Ledbury’s ‘son of Woolies’ – and a visual identity inspired by the past
Dorchester’s famous Wellworths may have had to change its name to Wellchester at Shop Direct’s behest, but a store in the Herefordshire town of Ledbury is still evoking the memory of Woolworths in both name and visual identity.
Ledbury’s Woolworths (store #696) opened at 6-8 The Homend on 9 July 1937, and went on to serve the historic market town – famous for its timber-framed buildings – for more than 70 years until the chain’s 2008 collapse. Its replacement, Wellworth It!, opened in March last year, and – like any good ‘son of Woolies’ store – stocks a familiar and well-priced mix of homewares, garden tools, cleaning products, stationery, greetings cards, toys and the like.

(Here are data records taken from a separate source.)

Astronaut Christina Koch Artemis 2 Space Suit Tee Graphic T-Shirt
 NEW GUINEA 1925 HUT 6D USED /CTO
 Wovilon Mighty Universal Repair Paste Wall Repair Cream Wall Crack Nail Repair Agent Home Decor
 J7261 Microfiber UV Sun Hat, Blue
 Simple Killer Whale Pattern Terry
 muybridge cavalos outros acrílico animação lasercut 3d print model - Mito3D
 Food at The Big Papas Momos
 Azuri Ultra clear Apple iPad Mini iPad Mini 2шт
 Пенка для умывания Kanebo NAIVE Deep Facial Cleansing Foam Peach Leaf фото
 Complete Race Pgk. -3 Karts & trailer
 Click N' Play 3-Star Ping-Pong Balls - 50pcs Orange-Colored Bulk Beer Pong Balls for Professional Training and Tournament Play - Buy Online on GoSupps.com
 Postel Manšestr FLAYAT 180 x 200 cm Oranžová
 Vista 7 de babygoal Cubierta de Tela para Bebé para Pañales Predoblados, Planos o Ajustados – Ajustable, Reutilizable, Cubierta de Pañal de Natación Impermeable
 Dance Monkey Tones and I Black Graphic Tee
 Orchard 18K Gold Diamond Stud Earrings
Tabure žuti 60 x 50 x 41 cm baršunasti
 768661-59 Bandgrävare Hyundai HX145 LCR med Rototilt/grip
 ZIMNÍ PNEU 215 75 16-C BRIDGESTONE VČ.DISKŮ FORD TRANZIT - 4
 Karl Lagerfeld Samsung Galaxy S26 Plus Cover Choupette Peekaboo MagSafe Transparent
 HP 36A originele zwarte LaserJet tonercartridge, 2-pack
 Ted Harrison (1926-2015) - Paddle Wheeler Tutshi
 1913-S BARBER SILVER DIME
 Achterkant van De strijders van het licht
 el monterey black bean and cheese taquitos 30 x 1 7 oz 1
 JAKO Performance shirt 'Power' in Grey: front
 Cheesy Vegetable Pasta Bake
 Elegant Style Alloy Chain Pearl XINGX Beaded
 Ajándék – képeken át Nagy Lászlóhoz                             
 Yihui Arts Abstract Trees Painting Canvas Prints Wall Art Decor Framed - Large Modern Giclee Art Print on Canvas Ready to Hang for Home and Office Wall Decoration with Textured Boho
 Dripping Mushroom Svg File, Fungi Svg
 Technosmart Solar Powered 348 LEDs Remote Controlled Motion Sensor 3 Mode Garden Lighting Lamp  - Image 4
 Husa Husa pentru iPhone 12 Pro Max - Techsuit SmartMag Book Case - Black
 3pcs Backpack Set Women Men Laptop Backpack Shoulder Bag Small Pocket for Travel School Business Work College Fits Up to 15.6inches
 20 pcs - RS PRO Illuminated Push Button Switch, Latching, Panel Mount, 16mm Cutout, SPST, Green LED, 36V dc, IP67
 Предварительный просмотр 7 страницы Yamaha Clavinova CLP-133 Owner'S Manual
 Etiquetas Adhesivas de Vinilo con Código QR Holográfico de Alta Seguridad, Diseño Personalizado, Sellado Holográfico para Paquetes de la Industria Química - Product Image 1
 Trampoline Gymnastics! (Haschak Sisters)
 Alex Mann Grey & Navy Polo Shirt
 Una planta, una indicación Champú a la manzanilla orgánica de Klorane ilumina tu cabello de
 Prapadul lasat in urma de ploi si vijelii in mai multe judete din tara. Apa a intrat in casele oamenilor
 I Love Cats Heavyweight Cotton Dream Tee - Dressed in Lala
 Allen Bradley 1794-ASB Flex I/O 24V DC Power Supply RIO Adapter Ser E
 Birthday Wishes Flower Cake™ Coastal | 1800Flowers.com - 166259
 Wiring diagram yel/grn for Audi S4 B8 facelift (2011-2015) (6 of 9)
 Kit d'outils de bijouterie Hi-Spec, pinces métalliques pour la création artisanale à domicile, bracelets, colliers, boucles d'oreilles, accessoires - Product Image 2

What’s most interesting about the store, however, is its branding. Where previous attempts to reinvent the Woolies formula have played on the name but not the imagery – be it the blue and orange of Claire Robertson’s Wellworths, the purple of the now-defunct Alworths chain, or the black and yellow of the short-lived Well Worth It (no relation) in Wallsend – Wellworth It!’s red frontage is unashamedly ‘inspired’ by that of Woolworths. Indeed, the fascia even uses the old Woolies font (below).
Fortunately, Shop Direct has adopted a slightly different logo (above) since reinventing Woolworths online, as Woolworths.co.uk, in 2009; otherwise, you suspect that the home shopping giant would have had something to say about happenings in Ledbury.
With the Woolworths connection so apparent in the store’s current frontage, it’s fitting that the building itself is hard to mistake for anything else. Though the property features the five-bayed symmetrical frontage that typifies Woolworths’ stores of the period, the architectural detail – including the addition of quoins (decorative cornerstones) and window pediments – is a little more ornate than usual. Indeed, the design is almost identical to that of Sidmouth, below (#729): opened about a year after Ledbury, and a store that I visited last month but have yet to blog about.
At Sidmouth, the pediment of the central window extends above the parapet, giving the frontage a sense of being properly finished off. A similar feature is visible at Ledbury, too, in the c1970s postcards below, but must at some point subsequently have been levelled off when the parapet was replaced. A minor niggle, perhaps, but something that studying architecture at university for six years makes hard not to notice!
Once inside Wellworth It!, however, the store feels surprisingly unlike a former Woolworths, and has much more of the character of an independent hardware store, rather like Proper Job on Clevedon’s old Woolies site (#992). The carpet throughout gives a different feel to the traditional Woolworths wooden floor – which is still in place at Wellchester and many of the other taken-over stores – while the storeroom and warehouse at the rear of the shop has been transformed into additional selling space. When I visited, garden furniture seemed to be giving way to Christmas ranges.
On the downside, I’d like Wellworth It! to do something about the ‘unwelcoming signs’ that are, as I noted last year, so rightly frowned upon by The Retail Doctor, Bob Phibbs.
Everywhere I went in the store, I felt like I was being told off – ‘do not open the packaging’, ‘all breakages must be paid for’, or occasionally both messages at the same time. Perhaps most bizarrely, the ramp leading down to the former stockroom area had a large notice along the lines of ‘this ramp is strictly for use by wheelchairs only’; woe betide any mother with a pushchair that tried to use it instead.
In a small town like Ledbury, there’s no doubt that Wellworth It! performs a valuable role in selling a bit of everything, and ensuring that the local community doesn’t have to travel out of town for everyday items. However, if Wellworth It! is to evoke the warmth and personality of the old Woolies brand – and not just the visual imagery – then it could do worse than toning down the negative messaging.